Cabera is a genus of moths in the family Geometridae described by Georg Friedrich Treitschke in 1825.

== Description ==
These moths are widely distributed in the Palaearctic, Nearctic, Neotropic and Afrotropic regions, and a few in Indo-Australian regions. However, it is absent in Australia itself.

In the afrotropical region, 12 species have been recorded, though their placement in Cabera remains uncertain due to their variable physical characteristics. Among these is a monophyletic group, Cabera subalba group, which is distinct on the basis of its uniform appearance.

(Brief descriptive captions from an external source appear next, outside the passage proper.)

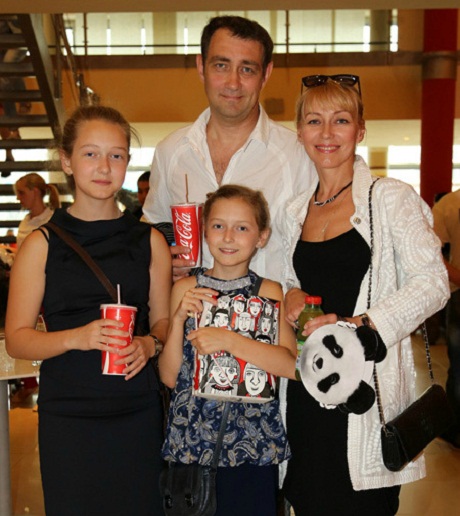 Константин Юшкевич с семьей женой и дочерьми фото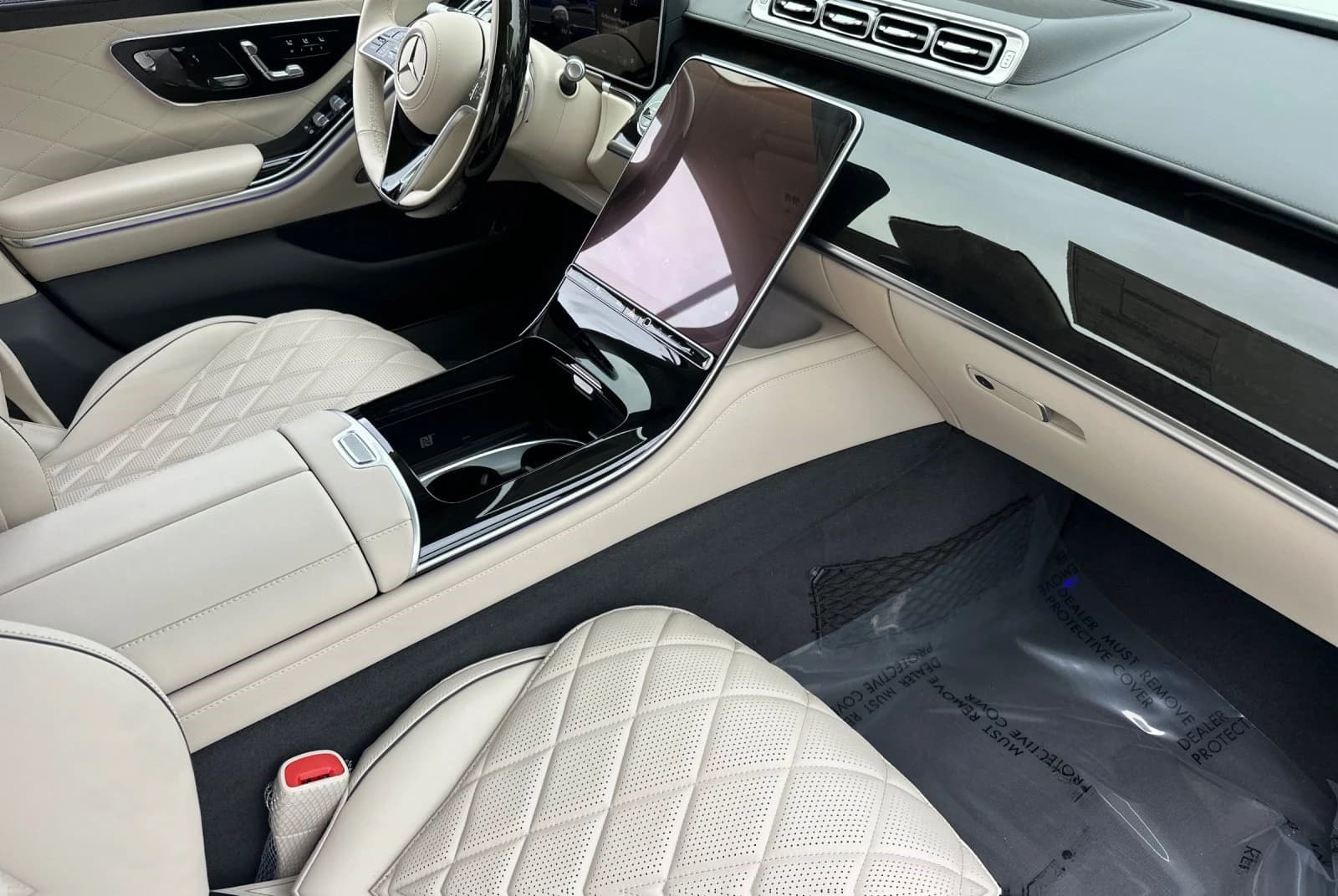 Mercedes-Benz S-Class S 500 4MATIC Sedan 2026 — side view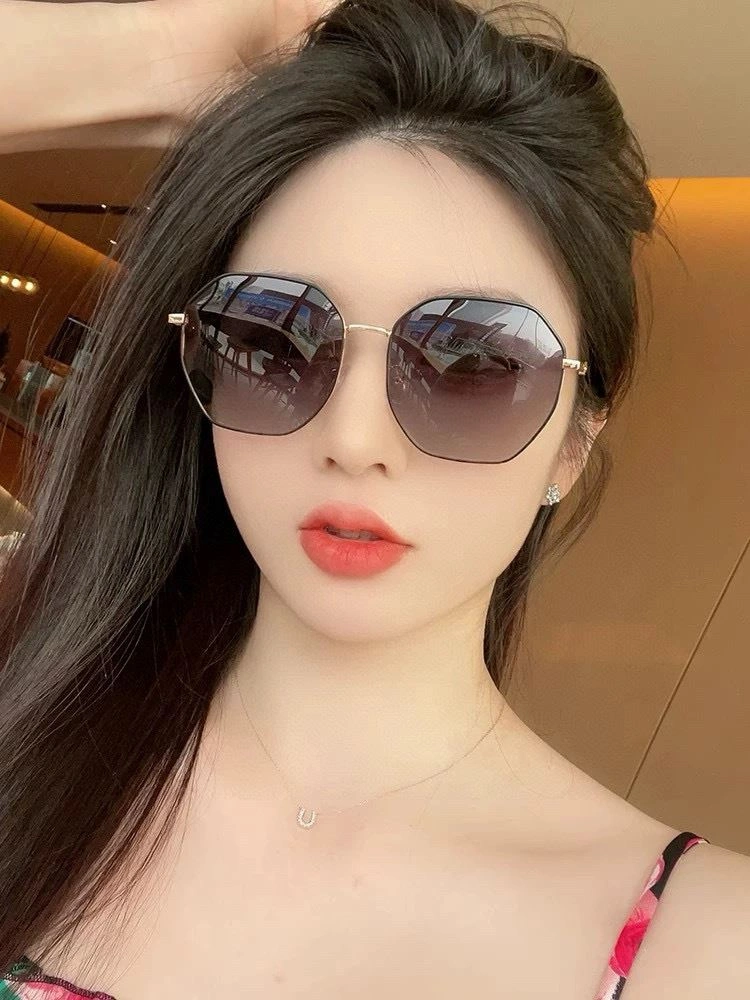 Chanel Sunglasses Bold 278288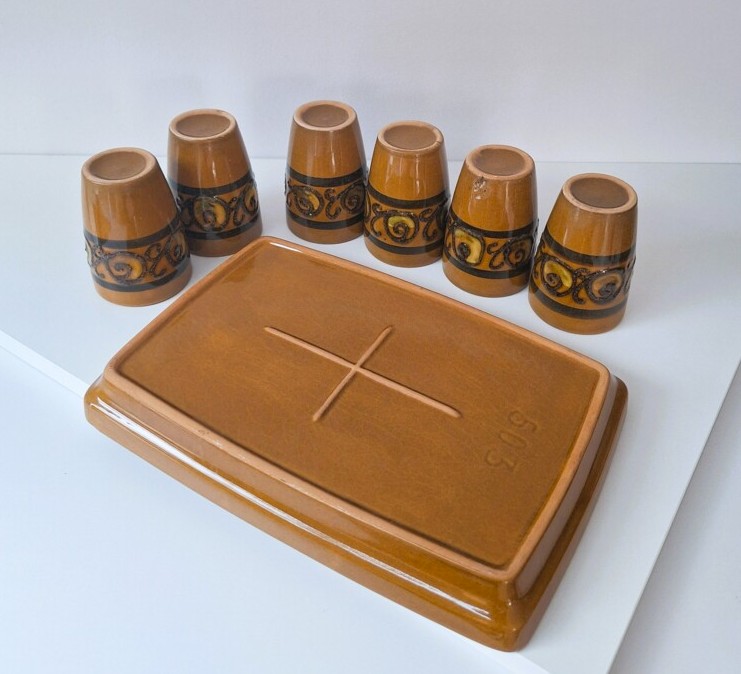 Zestaw Ceramiczny Vintage - 6 Kubków na Tacy Retro Kamionka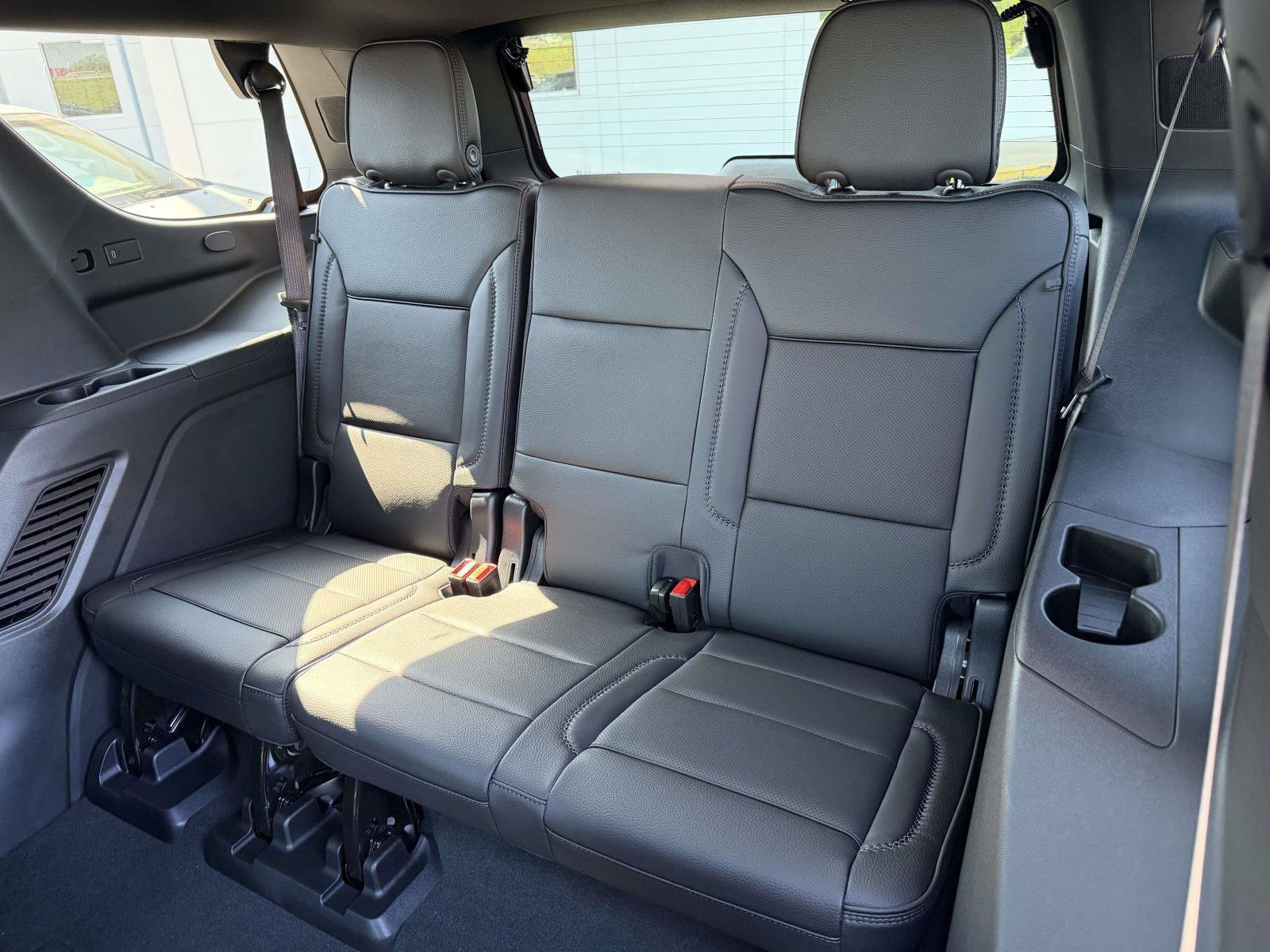 New 2026 GMC Yukon Denali w/ Denali Reserve Package AWD/4WD image 10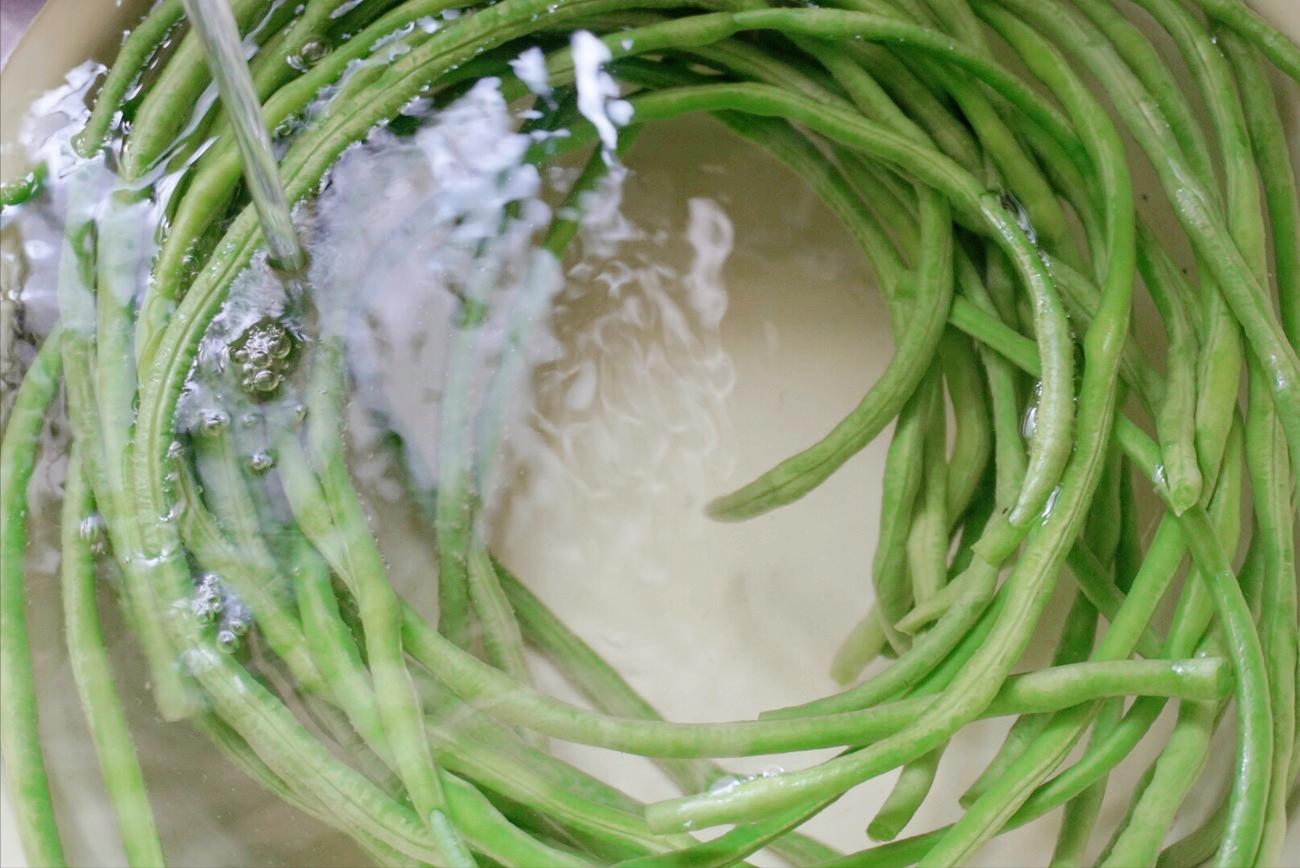 晒豆角干为什么要烫,晒豆角干用焯水吗教你正确的做法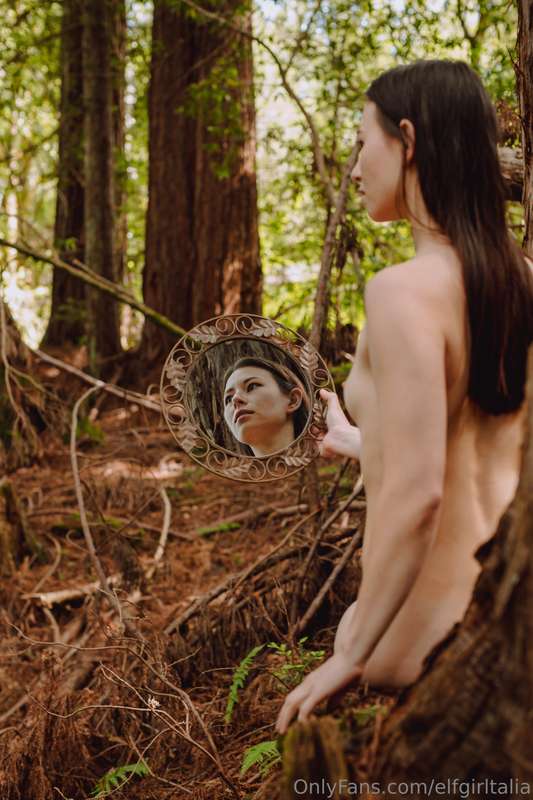 Me with a mirror, naked, pensive, reflective 4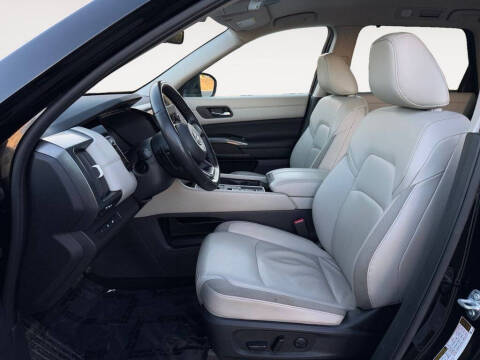 2024 Nissan Pathfinder SL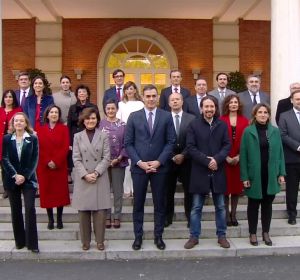 Foto de familia nuevo Gobierno Foto de familia nuevo Gobierno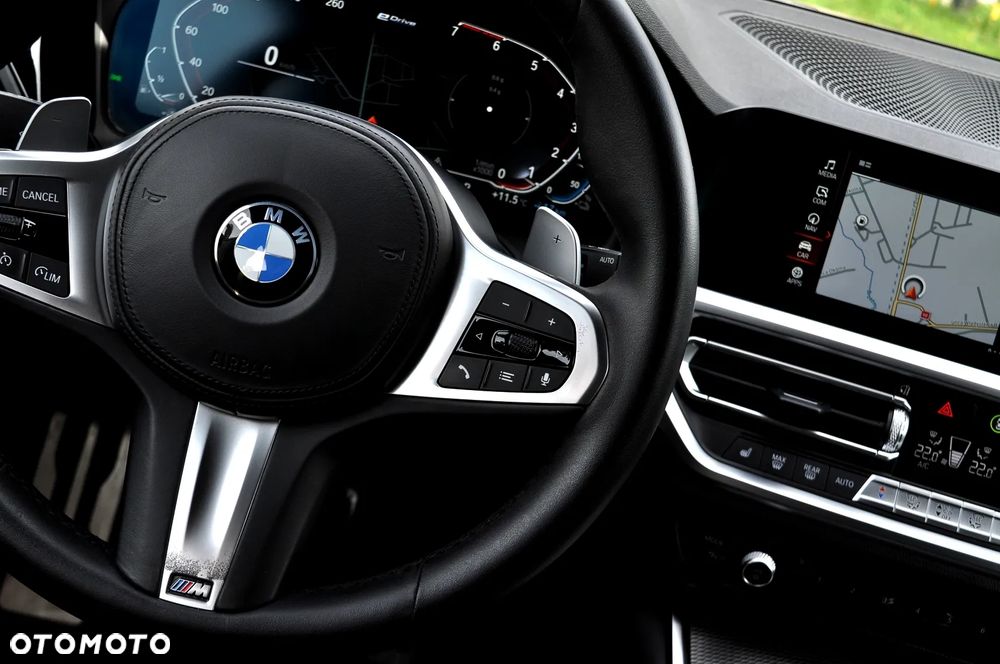 BMW Seria 3 330e M Sport sport - 36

Some species were originally classified under Petelia and Gyalomia due to striking similarities.

==Selected species==
This genus presently includes 30 species. In alphabetical order:

- Cabera aquaemontana (Prout, 1913)

- Cabera borealis (Hulst, 1896) - boreal cream
- Cabera candidaria (Leech, 1897)
- Cabera elarina (Prout, 1913)
- Cabera erythemaria (Guenée, 1857) - yellow-dusted cream
- Cabera exanthemata (Scopoli, 1763) - common wave
- Cabera griseolimbata (Oberthür, 1879)
- Cabera humbloti (Herbulot, 1978)
- Cabera leptographa (Wehrli, 1939)
- Cabera limbata (Herbulot, 1954)
- Cabera nathaliae (Herbulot, 1991)
- Cabera neodora (Prout, 1922)
- Cabera nevillei
- Cabera pseudognophos (Prout, 1917)
- Cabera purus (Butler, 1878)
- Cabera pusaria (Linnaeus, 1758) - common white wave
- Cabera quadrifasciaria (Packard, 1873) - four-lined cream
- Cabera schaefferi (Bremer, 1864)
- Cabera strigata (Warren, 1897)
- Cabera sulbaba (Warren, 1901)
- Cabera toulgoeti (Herbulot, 1957)
- Cabera variolaria (Guenée, 1857) - the vestal

==Etymology==
Treitschke, a German lepidopterist, raised the genus in 1825; Cabera refers to Cabeiro, who was the daughter of Proteus ″the prophetic old man of the sea who kept changing his shape to avoid being caught and having to make prophesies″.